Professor Marcia Langton. The BFD. Illustration by Lushington Brady.

Does Marcia Langton ever actually listen to herself? Does this “academic”, feted by the left as a supposedly powerhouse intellect, actually believe the garbage she spouts? Nonsense, for instance, such as claiming that Aborigines have occupied Australia “for millions of years”, or lauding Bruce Pascoe’s make-believe taradiddle, Dark Emu.

More importantly, why does Langton insist on threatening us with a good time?

Declaring this was Australia’s “one chance” to achieve constitutional recognition, leading Yes campaigners joined with Professor Langton on Wednesday in warning they would not work with Peter Dutton on a second “voiceless” referendum if the poll next month failed because it was not what they wanted.

The Australian

Langton also told the Press Club this week that, if Australians vote “No” on the voice, they won’t get another chance.

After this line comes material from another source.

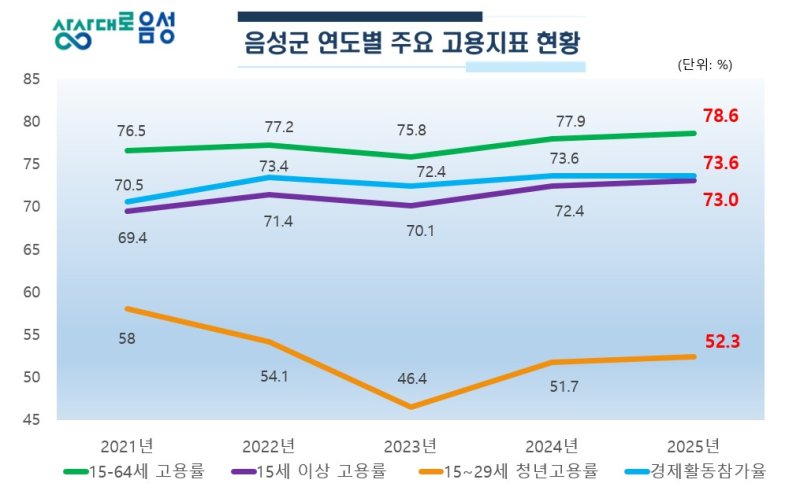 바카라 룰 연도별 주요 고용지표.(바카라 룰 제공. 재판매 및 DB금지)/바카라 룰1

This, after Langton warned that a No vote will mean that Australians never get to hear another “Welcome to Country”.

Despite their claims that they will prevail, plummeting opinion polls are clearly sparking panic in the Yes camp. After months of no-compromise, key campaigners are suddenly backtracking, big time.

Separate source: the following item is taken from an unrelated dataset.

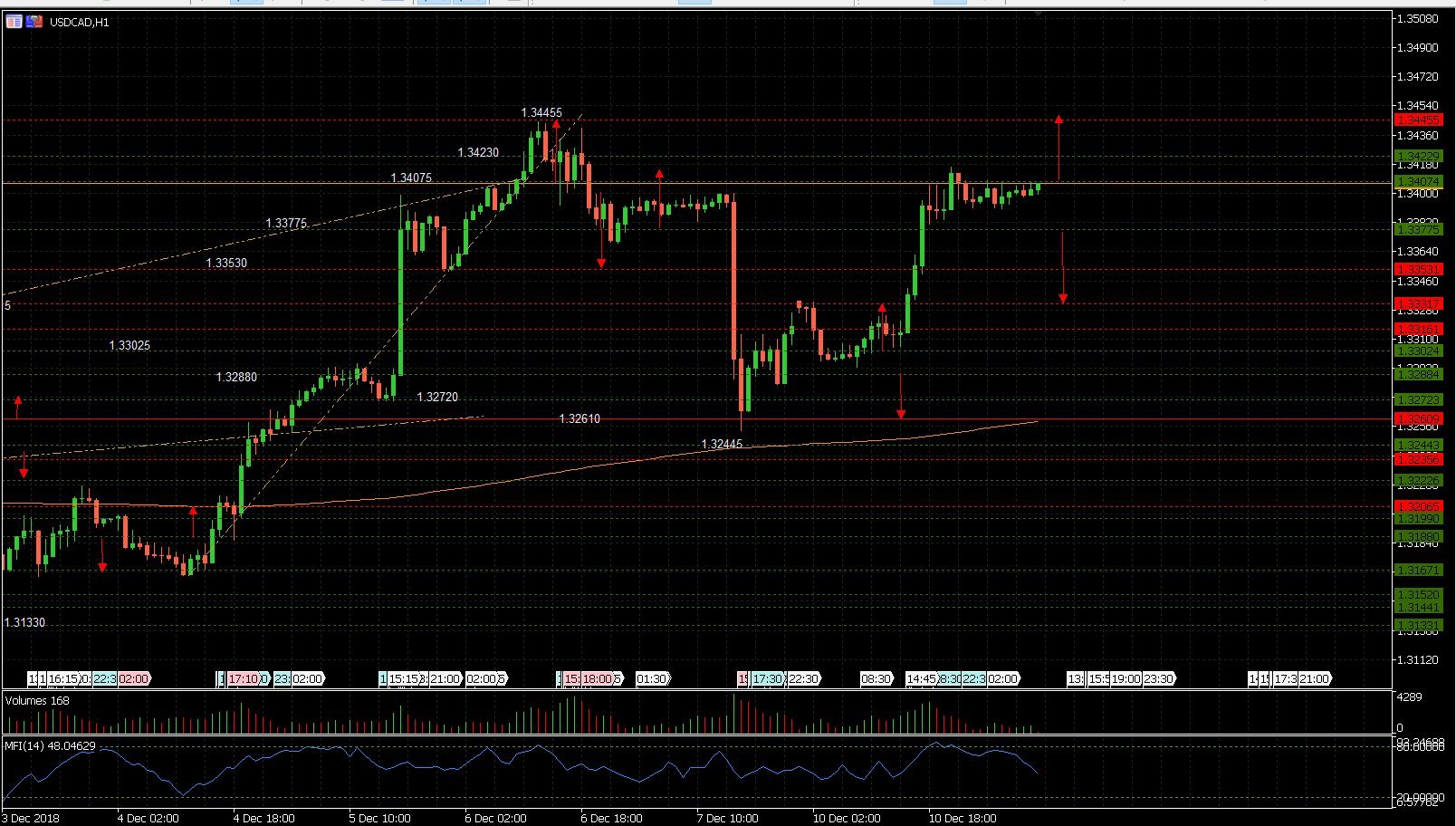 USD/CAD: US dollar consolidates at 1.34075 and 1.33775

Labor has opened the door to allowing dissenting Aboriginal leaders to formally break from the voice’s majority-backed advice, as Indigenous Australians Minister Linda Burney declares “different views and opinions are a good thing”.

Ms Burney on Wednesday would not rule out the suggestion by Indigenous leader and Yes campaigner Noel Pearson that the body be designed so “dissenting voices (are) formally allowed”, in line with how parliamentary committees were run.

Yes: before that, they were adamant that the “Voice” would be a groupthink exercise. Now they’re acting as if allowing different opinions is some kind of massive concession. Do these people really ever listen to themselves?

Other key Voice campaigners, though, are adamant that it’s an echo-chamber, or nothing.

Constitutional experts George Williams and Greg Craven say the influence of the advisory body could be undermined if it presented various views on the same issue […]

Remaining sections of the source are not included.